I think the number of publishers and the number baptized are not related numbers useful in a year by year growth analysis. I was a publisher at least 5 years BEFORE I was baptized. I could have been a publisher and quit being a publisher and start being a publisher again, all before I was baptized.
Memorial attendance is an indicator of influence, reporting time one month is an indicator of compliance, and baptism is an indicator of commitment. For me, when I was leaving the group, I went to memorial but I didn't go in service, to meetings, or to conventions. I wasn't committed, I wasn't compliant, but I was influenced. Influence is the first to come, and it's usually the last to go. Because of that, I'd say memorial attendance is more of a temperature gauge than baptisms and number of publishers.
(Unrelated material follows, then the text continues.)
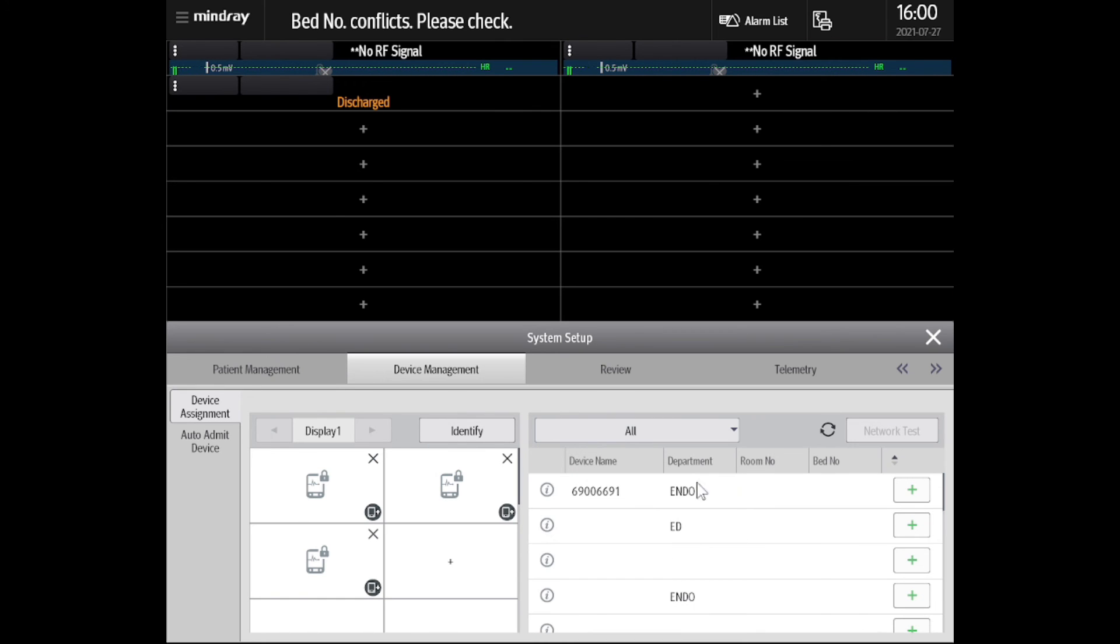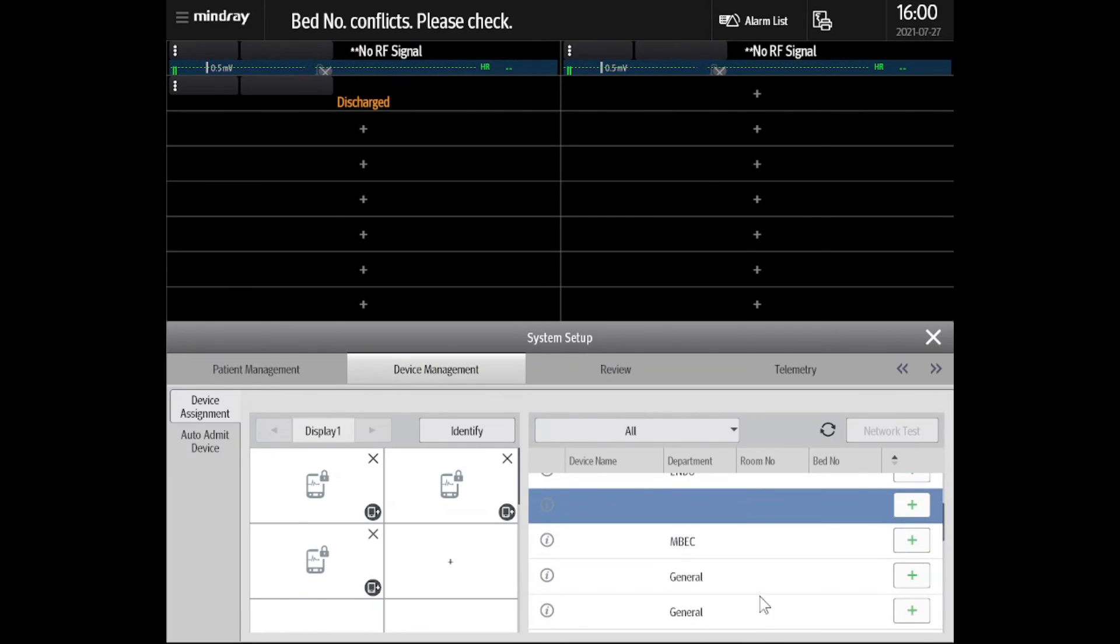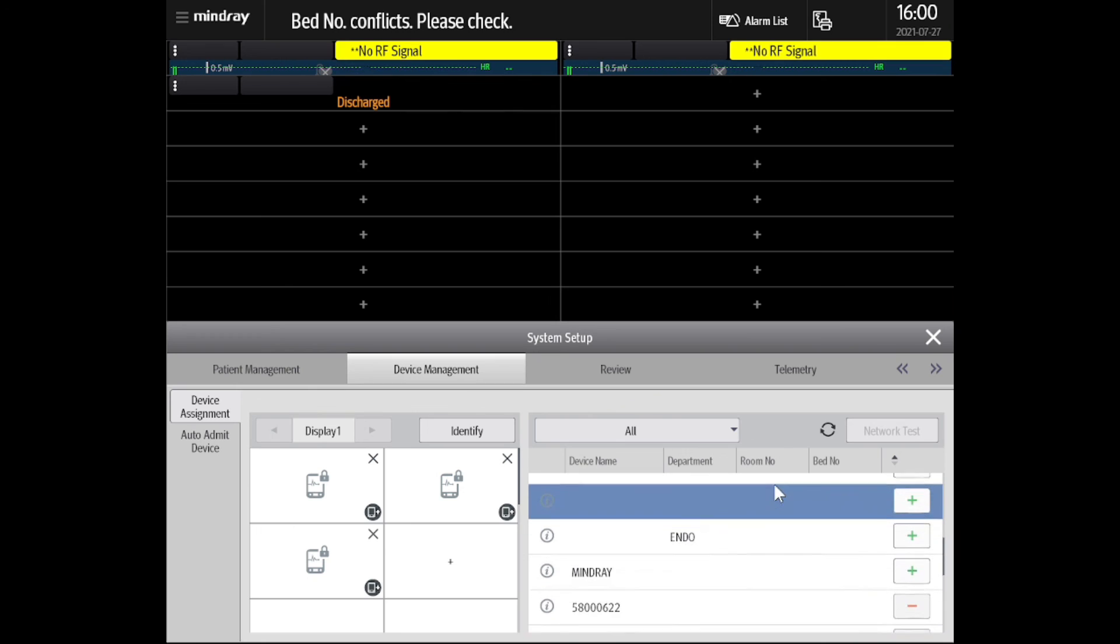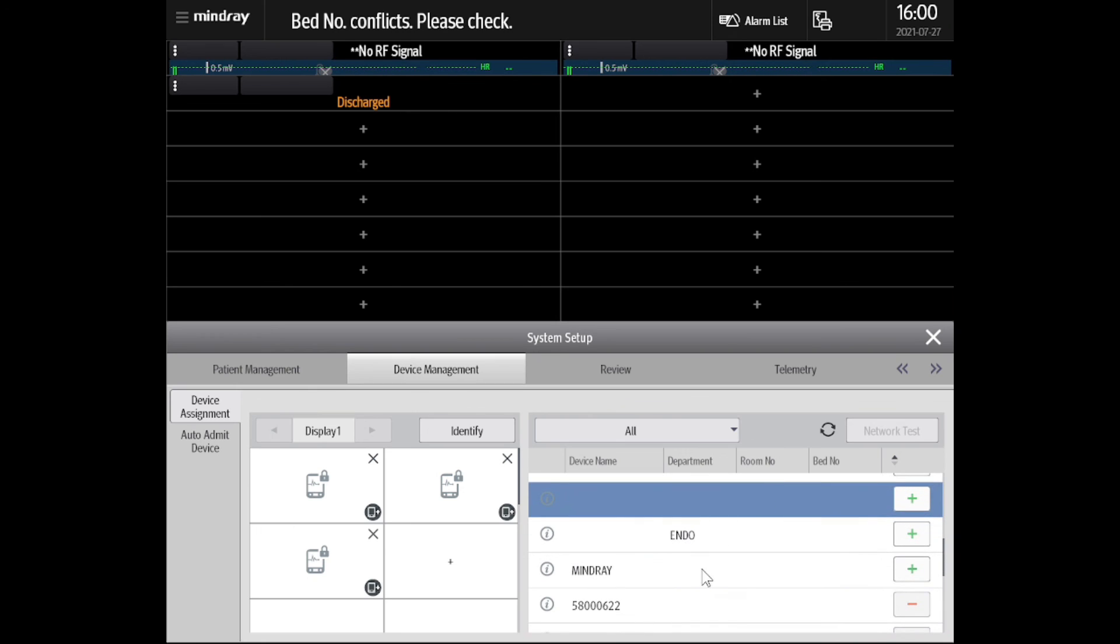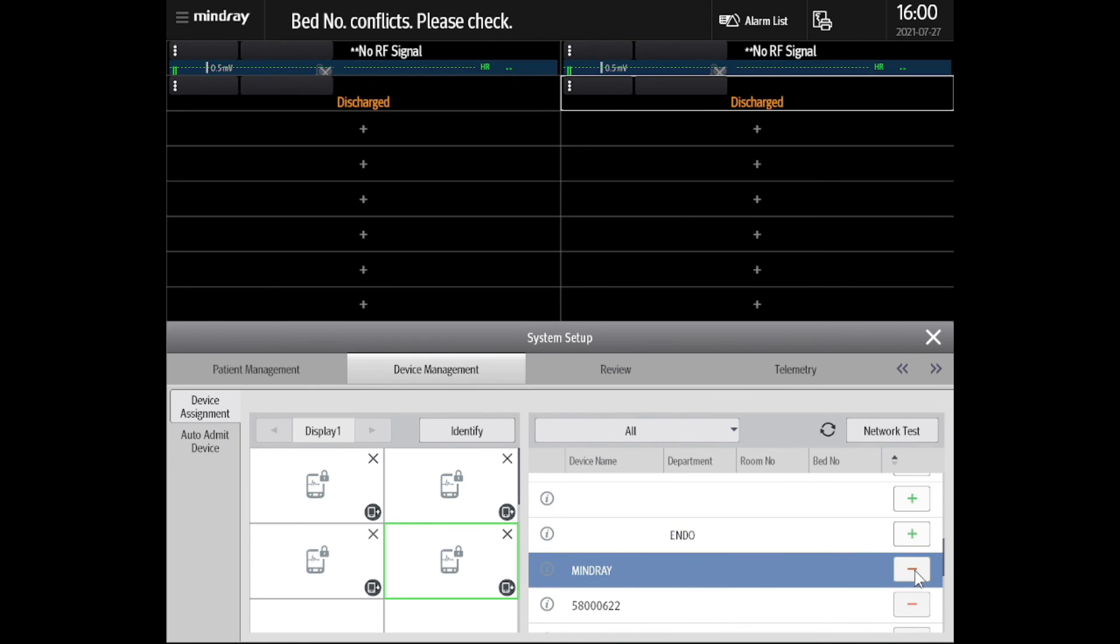From the list, locate your new device by the device name, which in this case is Mindray. Then select the green plus icon to add the device.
I do share the feeling that baptisms are more of an indicator of function of service. Function in the respect that service isn't bringing the numbers to a point of baptism. Insiders say the hours on the report are cooked, publisher numbers are cooked, and baptisms are mostly established member's adolescent children. That makes the report interesting, but not very informative. Here in Dakota I'm giving the most weight to the number of cars in the Kingdom Hall parking lot. There's lots of cars in the parking lots on meeting days.
I'm also giving strength to the financial health of the parent publishing corporation. My only analyses is by observation and I'm seeing lots of money at the top. New buildings, a city size college campus, new apartment buildings in Brooklyn, new printing presses. It looks healthy from the outside from my perspective.